The law, in practice, is racist and does incredible damage to the Black community. From the ACLU report (emphasis added):
The racial disparity in the application of mandatory minimum sentences for crack cocaine is particularly disturbing. African Americans comprise the vast majority of those convicted of crack cocaine offenses, while the majority of those convicted for powder cocaine offenses are white. This is true, despite the fact that whites and Hispanics form the majority of crack users. For example, in 2003, whites constituted 7.8% and African Americans constituted more than 80% of the defendants sentenced under the harsh federal crack cocaine laws, despite the fact that more than 66% of crack cocaine users in the United States are white or Hispanic. Due in large part to the sentencing disparity based on the form of the drug, African Americans serve substantially more time in prison for drug offenses than do whites. The average sentence for a crack cocaine offense in 2003, which was 123 months, was 3.5 years longer than the average sentence of 81 months for an offense involving the powder form of the drug. Also due in large part to mandatory minimum sentences for drug offenses, from 1994 to 2003, the difference between the average time African American offenders served in prison increased by 77%, compared to an increase of 28% for white drug offenders. African Americans now serve virtually as much time in prison for a drug offense at 58.7 months, as whites do for a violent offense at 61.7 months. The fact that African American defendants received the mandatory sentences more often than white defendants who were eligible for a mandatory minimum sentence, further supports the racially discriminatory impact of mandatory minimum penalties.

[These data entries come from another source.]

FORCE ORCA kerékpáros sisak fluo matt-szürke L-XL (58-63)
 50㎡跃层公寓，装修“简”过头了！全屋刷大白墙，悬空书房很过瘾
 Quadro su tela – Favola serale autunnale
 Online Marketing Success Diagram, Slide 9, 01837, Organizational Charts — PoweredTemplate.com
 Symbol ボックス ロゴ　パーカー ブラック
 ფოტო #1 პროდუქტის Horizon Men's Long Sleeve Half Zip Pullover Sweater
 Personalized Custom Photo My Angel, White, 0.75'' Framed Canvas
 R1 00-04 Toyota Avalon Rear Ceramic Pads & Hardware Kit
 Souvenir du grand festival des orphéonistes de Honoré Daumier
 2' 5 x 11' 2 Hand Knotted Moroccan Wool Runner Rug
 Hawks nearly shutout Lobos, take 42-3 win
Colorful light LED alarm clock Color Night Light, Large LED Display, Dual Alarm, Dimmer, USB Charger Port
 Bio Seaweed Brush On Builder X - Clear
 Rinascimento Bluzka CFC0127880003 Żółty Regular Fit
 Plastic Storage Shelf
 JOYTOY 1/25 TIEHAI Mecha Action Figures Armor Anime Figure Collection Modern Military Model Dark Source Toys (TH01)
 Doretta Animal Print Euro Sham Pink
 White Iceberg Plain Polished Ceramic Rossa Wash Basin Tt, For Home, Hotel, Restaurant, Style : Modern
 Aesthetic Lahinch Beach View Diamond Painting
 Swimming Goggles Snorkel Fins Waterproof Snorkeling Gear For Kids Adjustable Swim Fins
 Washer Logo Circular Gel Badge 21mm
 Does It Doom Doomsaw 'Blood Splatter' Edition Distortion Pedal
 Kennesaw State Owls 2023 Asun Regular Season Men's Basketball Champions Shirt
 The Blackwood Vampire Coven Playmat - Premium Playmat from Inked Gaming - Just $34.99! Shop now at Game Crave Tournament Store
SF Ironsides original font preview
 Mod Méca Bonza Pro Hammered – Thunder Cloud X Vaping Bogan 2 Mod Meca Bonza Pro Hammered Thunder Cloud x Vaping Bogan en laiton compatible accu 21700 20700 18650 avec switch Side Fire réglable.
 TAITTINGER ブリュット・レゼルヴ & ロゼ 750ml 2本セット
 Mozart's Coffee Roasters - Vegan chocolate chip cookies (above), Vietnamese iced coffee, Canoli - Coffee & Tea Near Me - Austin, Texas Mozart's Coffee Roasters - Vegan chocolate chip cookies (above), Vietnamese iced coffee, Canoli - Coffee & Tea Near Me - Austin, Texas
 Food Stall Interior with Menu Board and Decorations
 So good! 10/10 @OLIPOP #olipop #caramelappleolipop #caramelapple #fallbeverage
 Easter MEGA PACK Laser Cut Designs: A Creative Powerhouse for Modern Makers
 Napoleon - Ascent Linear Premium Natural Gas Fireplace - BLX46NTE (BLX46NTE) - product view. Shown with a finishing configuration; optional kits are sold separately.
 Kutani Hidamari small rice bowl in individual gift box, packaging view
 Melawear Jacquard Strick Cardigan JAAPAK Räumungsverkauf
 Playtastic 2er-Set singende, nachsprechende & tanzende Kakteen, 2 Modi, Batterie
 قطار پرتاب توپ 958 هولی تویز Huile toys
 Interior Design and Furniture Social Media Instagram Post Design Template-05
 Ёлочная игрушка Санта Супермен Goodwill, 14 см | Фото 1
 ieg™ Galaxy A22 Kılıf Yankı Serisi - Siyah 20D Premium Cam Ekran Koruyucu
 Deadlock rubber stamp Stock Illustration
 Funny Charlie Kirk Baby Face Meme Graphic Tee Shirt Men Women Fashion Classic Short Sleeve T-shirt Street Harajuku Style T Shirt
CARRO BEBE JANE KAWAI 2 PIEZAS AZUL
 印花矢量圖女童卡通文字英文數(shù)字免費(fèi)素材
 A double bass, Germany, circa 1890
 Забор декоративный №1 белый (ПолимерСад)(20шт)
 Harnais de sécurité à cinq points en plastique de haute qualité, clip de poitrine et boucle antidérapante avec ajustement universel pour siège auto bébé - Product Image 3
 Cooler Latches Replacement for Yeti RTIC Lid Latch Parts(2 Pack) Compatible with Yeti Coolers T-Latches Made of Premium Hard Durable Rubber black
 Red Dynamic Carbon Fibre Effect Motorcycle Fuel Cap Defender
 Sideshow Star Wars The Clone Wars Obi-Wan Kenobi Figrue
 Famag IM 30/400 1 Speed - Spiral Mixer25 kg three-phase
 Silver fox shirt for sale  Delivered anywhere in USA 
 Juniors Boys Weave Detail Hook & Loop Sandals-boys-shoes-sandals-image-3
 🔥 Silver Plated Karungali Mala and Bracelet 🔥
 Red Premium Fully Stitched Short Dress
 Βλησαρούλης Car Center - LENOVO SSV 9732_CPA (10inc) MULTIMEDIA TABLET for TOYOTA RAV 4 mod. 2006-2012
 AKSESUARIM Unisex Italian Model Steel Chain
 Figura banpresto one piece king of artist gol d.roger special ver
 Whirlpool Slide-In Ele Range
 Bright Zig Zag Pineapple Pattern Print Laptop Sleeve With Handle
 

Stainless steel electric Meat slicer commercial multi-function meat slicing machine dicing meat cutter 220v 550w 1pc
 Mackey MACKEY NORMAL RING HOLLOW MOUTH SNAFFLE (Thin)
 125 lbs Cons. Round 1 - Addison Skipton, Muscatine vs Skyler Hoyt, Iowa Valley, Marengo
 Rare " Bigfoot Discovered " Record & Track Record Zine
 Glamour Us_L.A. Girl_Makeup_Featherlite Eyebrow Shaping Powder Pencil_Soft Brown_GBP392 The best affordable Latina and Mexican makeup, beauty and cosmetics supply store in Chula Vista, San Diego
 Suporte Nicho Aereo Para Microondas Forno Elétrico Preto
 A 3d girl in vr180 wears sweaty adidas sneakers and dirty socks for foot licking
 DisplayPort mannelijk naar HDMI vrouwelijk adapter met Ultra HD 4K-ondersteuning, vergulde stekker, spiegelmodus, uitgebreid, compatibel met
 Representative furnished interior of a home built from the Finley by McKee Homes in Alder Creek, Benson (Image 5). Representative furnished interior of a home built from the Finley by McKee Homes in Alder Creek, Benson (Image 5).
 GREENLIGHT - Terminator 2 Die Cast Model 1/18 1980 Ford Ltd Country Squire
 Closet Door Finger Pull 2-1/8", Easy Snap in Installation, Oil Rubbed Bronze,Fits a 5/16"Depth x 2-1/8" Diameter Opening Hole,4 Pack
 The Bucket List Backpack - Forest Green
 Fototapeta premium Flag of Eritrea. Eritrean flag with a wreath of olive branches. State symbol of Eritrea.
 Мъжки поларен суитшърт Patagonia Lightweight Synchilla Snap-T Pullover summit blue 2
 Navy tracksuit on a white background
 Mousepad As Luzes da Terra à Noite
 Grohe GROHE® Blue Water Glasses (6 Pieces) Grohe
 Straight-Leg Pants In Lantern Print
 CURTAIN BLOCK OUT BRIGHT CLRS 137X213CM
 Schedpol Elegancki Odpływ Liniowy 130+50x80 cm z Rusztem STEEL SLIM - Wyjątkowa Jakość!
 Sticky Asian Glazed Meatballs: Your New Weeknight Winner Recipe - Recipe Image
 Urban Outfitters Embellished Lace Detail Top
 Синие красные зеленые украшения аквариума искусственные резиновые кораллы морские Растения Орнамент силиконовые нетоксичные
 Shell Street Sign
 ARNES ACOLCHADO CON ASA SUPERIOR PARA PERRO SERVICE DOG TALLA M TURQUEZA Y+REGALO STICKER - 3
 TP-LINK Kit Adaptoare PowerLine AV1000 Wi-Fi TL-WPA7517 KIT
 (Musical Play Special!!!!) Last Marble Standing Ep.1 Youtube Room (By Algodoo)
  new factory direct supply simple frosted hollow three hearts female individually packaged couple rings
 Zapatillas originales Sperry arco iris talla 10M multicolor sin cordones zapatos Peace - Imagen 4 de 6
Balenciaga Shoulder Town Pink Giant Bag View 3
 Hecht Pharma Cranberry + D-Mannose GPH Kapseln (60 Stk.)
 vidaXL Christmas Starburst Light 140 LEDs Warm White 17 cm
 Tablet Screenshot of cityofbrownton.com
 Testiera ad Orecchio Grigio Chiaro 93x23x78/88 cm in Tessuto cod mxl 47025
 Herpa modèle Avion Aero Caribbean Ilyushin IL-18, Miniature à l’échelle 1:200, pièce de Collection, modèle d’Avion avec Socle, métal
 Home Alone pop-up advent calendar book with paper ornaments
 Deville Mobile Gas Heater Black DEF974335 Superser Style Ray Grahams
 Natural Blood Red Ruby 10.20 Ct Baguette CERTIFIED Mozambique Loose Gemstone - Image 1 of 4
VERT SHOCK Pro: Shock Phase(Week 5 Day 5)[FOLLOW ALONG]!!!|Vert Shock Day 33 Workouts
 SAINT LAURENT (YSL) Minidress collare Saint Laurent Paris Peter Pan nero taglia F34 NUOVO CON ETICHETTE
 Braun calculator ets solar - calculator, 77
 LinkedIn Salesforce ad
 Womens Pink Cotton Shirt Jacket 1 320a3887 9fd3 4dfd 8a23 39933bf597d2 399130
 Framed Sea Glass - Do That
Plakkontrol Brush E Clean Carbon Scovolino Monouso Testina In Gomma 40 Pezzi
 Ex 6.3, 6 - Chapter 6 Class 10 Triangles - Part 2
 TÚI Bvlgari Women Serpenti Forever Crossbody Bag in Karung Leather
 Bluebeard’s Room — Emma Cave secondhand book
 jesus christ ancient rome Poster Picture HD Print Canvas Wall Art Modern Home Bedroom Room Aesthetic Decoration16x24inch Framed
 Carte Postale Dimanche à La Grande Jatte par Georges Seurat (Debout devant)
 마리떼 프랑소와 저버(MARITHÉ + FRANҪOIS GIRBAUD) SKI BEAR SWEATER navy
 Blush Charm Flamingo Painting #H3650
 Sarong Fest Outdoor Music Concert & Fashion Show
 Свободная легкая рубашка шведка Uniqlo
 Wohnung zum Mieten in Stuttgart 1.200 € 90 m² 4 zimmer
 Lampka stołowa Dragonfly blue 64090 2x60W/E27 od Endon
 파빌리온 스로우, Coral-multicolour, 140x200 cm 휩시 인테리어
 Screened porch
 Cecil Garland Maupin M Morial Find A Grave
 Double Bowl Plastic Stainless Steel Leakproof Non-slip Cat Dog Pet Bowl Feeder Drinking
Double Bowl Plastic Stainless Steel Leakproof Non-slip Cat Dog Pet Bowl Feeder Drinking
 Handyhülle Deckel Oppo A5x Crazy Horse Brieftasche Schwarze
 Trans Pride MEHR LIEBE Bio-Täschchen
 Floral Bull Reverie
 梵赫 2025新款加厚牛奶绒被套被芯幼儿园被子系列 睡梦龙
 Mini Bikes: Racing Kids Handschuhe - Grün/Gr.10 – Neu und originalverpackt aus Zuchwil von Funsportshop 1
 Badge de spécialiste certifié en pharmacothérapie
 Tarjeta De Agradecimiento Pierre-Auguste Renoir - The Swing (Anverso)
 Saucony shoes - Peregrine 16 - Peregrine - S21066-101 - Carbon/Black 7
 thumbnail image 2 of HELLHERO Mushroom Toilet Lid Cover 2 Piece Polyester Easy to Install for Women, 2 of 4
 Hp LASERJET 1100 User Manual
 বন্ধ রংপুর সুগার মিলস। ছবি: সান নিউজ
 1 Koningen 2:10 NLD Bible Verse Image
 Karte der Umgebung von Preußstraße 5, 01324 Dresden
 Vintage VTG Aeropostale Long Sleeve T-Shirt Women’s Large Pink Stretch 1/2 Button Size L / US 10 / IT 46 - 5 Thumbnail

Mandatory minimums limits a judge’s discretion to make allowances for mitigating circumstances. This has particularly nasty consequences for people who are financially dependant on crack dealers, or who suffer from domestic violence – which means, most of the time, women getting screwed over. From the ACLU report:
Mandatory sentencing laws prohibit judges from considering the many reasons women are involved in or remain silent about a partner or family member’s drug activity such as domestic violence and financial dependency. Sentencing policies, particularly the mandatory minimum for low-level crack offenses, subject women who are low-level participants to the same or harsher sentences as the major dealers in a drug organization.
The primary difference between crack cocaine and powder cocaine, as far as engagement with our legal system goes, is that most people convicted for possession of crack are Black, whereas most people convicted for possession of powder cocaine are white. That is systematic racism at work, throwing Blacks in prison and ripping apart Black families. It says something horrible about our society that we find this state of affairs acceptable.
You could argue that this sentencing mismatch wasn’t intended to be racial when it was first passed – but the racial effects of these laws have been known for well over a decade. Despite knowing that the effect of the sentencing guidelines to put Blacks into prison for years more than whites, for the same or often lesser crimes, Congress has three times refused to reform the law. (Protecting the 100/1 ratio is the only time Congress has ever refused to follow the unanimous recommendation of the committee that advices Congress on sentencing).
Will a new, (barely) Democratic-dominated Congress restore some measure of justice to sentencing? I’d like to think they will, but many of them are probably afraid of being labeled “soft” on crack users.